January’s Cattle on Feed report was released in February due to the government shutdown, and it contained a surprise or two.
As of Jan. 1, the inventory in feedlots with a capacity of 1,000 head or more was up 1.7 percent from a year ago. Most analysts expected that number to be closer to 2.3 percent.
December placements were down 1.8 percent, while pre-report estimates believed placements would be up 2 percent.
“The reduction in placements is somewhat of a surprise given that the number of feeder cattle sold in the country in December was notably higher than a year ago,” economist Len Steiner and associates wrote in their Daily Livestock Report Feb. 25.
“Also, seasonally placements are higher in December, which likely influenced analyst estimates. Poor feedlot conditions negatively impacted placements during much of November and December and appear to have affected the placement rate.”
This represents the fourth consecutive month of lower placements over year-ago numbers.
Placements during the September-December period were a combined 379,000 head under year ago levels, and this is expected to affect the supply of market-ready cattle that will be available this spring,” Steiner and associates said.
“Futures currently hold a significant spread between April/June and Aug./Oct., a spread that largely reflects the reality of lower placements in the fall and early winter and the likelihood of higher placements this spring against both late summer and fall months.”
With the smaller inventory, large supplies of cattle remain.
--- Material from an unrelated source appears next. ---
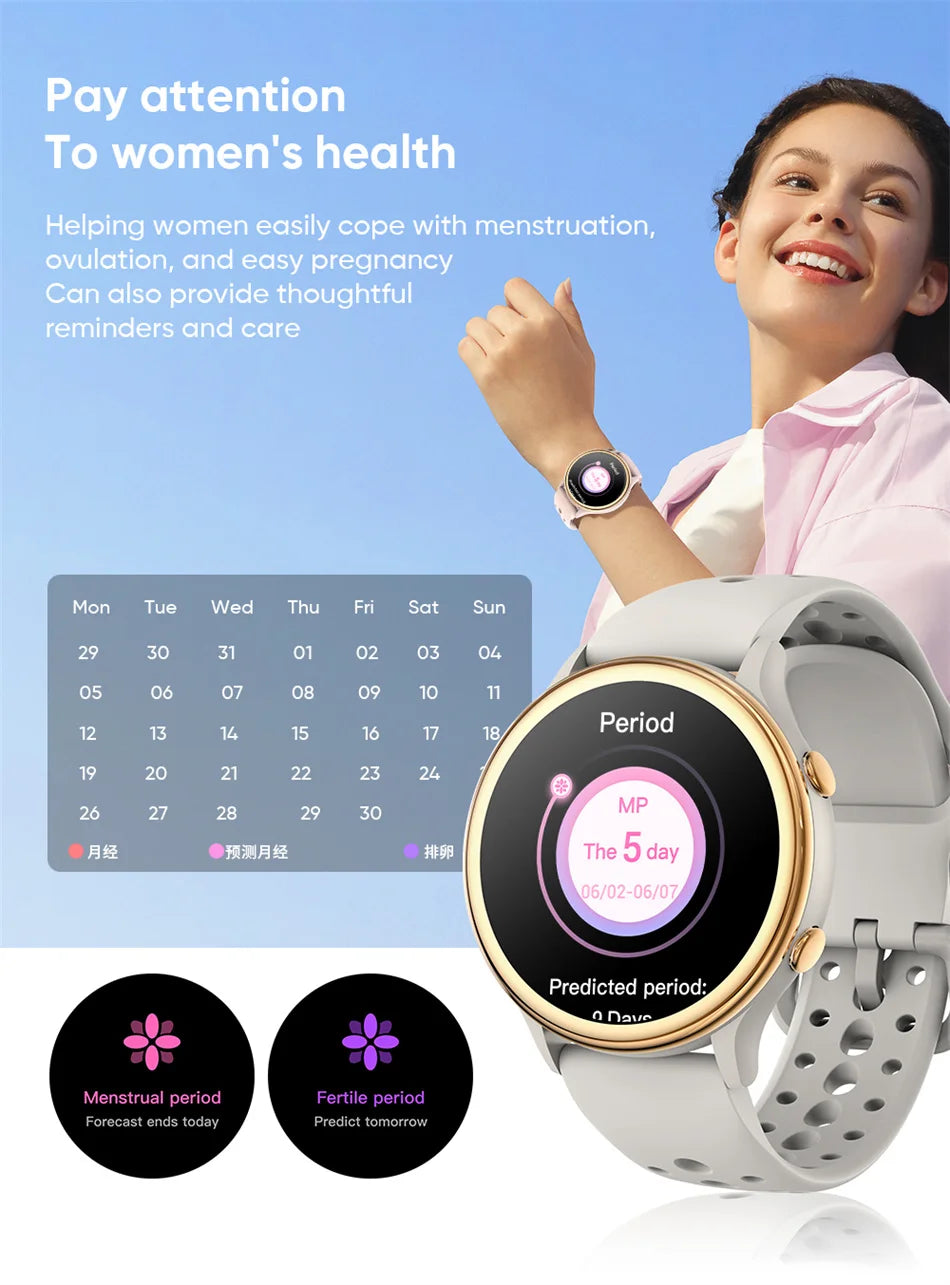 2024 Fashion Bluetooth Call Smart Watch Women 1.27 inch Heart Rate Blood Oxygen 100+Sports Waterproof Men Smartwatch For Xiaomi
This could partially be the reason for steady fed cattle prices, Steiner and associates said, despite poor feedlot conditions due to severe weather.
Cold storage inventory on Jan. 1 was up 0.3 percent for beef, pork and poultry, but remains nearly 7 percent higher than the five-year average.
Pork inventory in cold storage was up 3.1 percent from a year ago, with beef stocks up 1.6 percent from a year ago. Chicken and turkey stocks were up just over a half percent, but 12.2 percent above the five-year average.